The Late Jurassic of North America, however, is the exact opposite of the Middle Jurassic. The Late Jurassic Morrison Formation is found in several U.S. states, including Colorado, Utah, Wyoming, Montana, New Mexico, Oklahoma, South Dakota, and Texas. It is notable as being the most fertile single source of dinosaur fossils in the world. The roster of dinosaurs from the Morrison is impressive. Among the theropods, Allosaurus, Saurophaganax, Torvosaurus, Ceratosaurus, Coelurus, Ornitholestes, Tanycolagreus, Stokesosaurus, and Marshosaurus are found in the Morrison. An abundance of sauropods has been found there, including Apatosaurus, Diplodocus, Barosaurus, Brachiosaurus, Camarasaurus, Brontosaurus and Amphicoelias. Three genera of stegosaurs, Alcovasaurus, Stegosaurus and Hesperosaurus, have been found there. Finally, ornithopods found in the Morrison include Camptosaurus, Dryosaurus, and Nanosaurus, 

During the Early Cretaceous, new dinosaurs evolved to replace the old ones. Sauropods were still present, but they were not as diverse as they were in the Jurassic Period. Theropods from the Early Cretaceous of North America include dromaeosaurids such as Deinonychus and Utahraptor, the carnosaur Acrocanthosaurus, and the coelurosaur Microvenator.
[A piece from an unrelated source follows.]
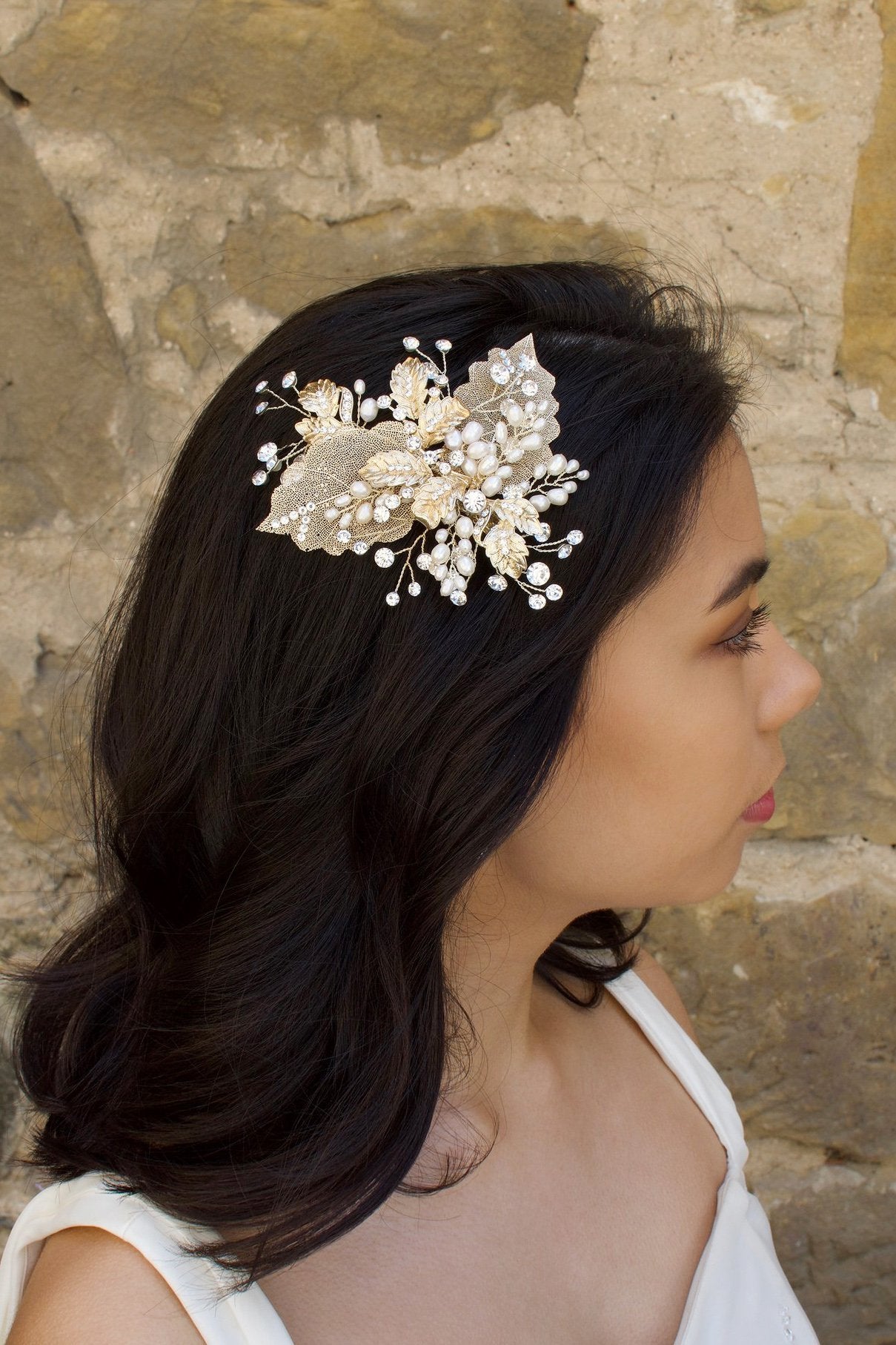 A bride with black hair wears a pale gold bridal hair clip with pearls in her dark hair in front of an old sandstone wall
Sauropods included Astrodon, Brontomerus, and Sauroposeidon. Ornithischians were more diverse than they were in the Jurassic Period. Tenontosaurus, Dakotadon, Protohadros, and Eolambia are some of the ornithopods that lived during this time period. Ankylosaurs replaced their stegosaur cousins in the Cretaceous. Ankylosaurs from the Early Cretaceous of North America include Sauropelta and Gastonia. Therizinosaurs such as Falcarius are also known from the Early Cretaceous of North America.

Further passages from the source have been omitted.